It also is important to remember that a key component to the use of educational standards is, of course, the assessment of those standards, i.e. the test that measures if teachers taught and students learned the standards. Most, if not all, of you are familiar with South Carolina assessments called PASS (formerly PACT) that third through twelfth graders take each year in the core subjects. The two subjects in which South Carolina had adopted Common Core, Math and ELA, were set to be assessed beginning this year by a national tool called Smarter Balance. So, in the two CC subjects South Carolina was set to use a national test completely out of the control of educators and policy makers here at home. I trust that you’re beginning to see a pattern.

Full credit for the early warning on Common Core goes to Senator Mike Fair of Greenville who took the Senate floor often beginning in 2010 to denounce the handover of our children’s education to a centralized authority. He actually was successful in 2011 in stopping the adoption of CC science standards through a yearly budget proviso that held the line until we mustered the forces for this year’s repeal of the other two subjects. His leadership on this issue deserves a great deal of praise as he truly was a light in the darkness.

I am not qualified to judge the CC ELA standards, but I can tell you that the CC Math standards simply made no improvement on our old standards and, more importantly, proved debilitating to many teachers and students. The CC emphasis on “critical thinking” led, apparently, to the decision by CC creators that solving the problem never was enough but the student must also explain how they solved it. Recall our state law that says, “solve problems by applying mathematics” is the goal. CC, however, requires more and thus even if the student got the right answer, they still might be “wrong” if they couldn’t explain how they got the right answer. This seems a lot less like education and a lot more like bureaucratic hogwash, which it is. Teachers and students and parents began living this nightmare over the previous school year, and their outcries led finally to action by the full General Assembly.

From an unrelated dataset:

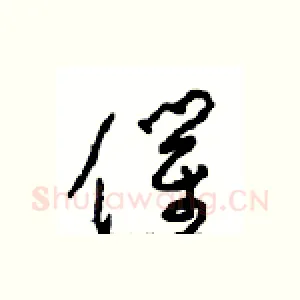 催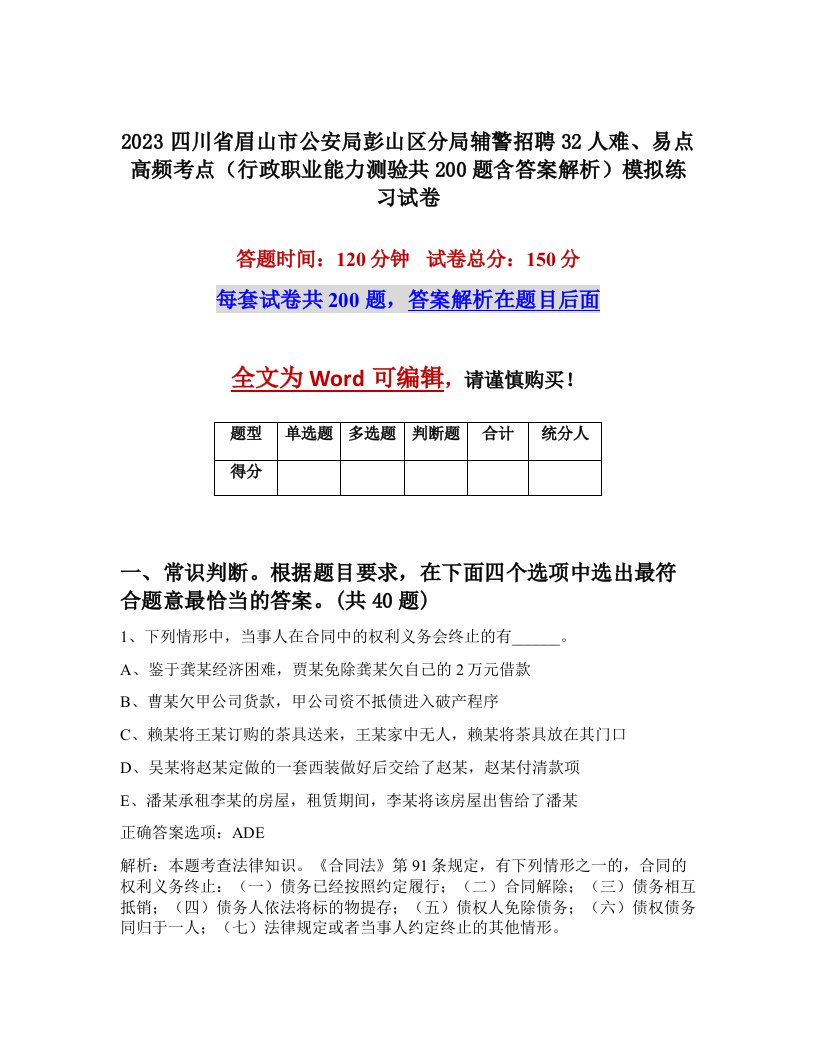 2023四川省眉山市公安局彭山区分局辅警招聘32人难易点高频考点行政职业能力测验共200题含答案解析模拟练习试卷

The other lesson here is that one-size-fits-all works no better in education than it does in any other walk of life from your car to your food to your choice of movies. I care that children in Wyoming or Massachusetts or Arizona get a good education, but they’re not my responsibility. South Carolina is my responsibility, and I have no interest in turning over that responsibility to someone that I never will meet or talk to. I can’t think of one thing that Washington does very well, and while South Carolina has its problems, education standards was not one of them. Why we would jump on the federal bus when we actually have something that works is beyond me, but thankfully we’re getting off at the next stop.

Common Core in South Carolina has been a four-year mess. South Carolina basically sold its rights to the federal government and put its teachers and students and parents through a period of misery from which it now must move on. The one-year mandate on new standards really is too short of a period, as mentioned earlier, but we must extricate ourselves from CC as soon as possible. I am hopeful that the State Superintendent of Education will lead the Department of Education in developing very good standards in Math and ELA that we can use again like we always did before CC. I hope that the EOC will comply with the law and move the new standards through the process quickly so as to avoid needless delays for our teachers.

That is the point that I want to conclude with—the effect of all of this on schools and principals and teachers and students. Most teachers will tell you that what they need most in directives from above, such as what standards will be used; in order to teach effectively is clarity and stability. It makes sense, of course, that a teacher who will spend months developing a new course and years honing their craft in the delivery of that course will be undermined if the standards to which they must teach that course constantly shift. That is why current law calls for a review of standards only every seven years.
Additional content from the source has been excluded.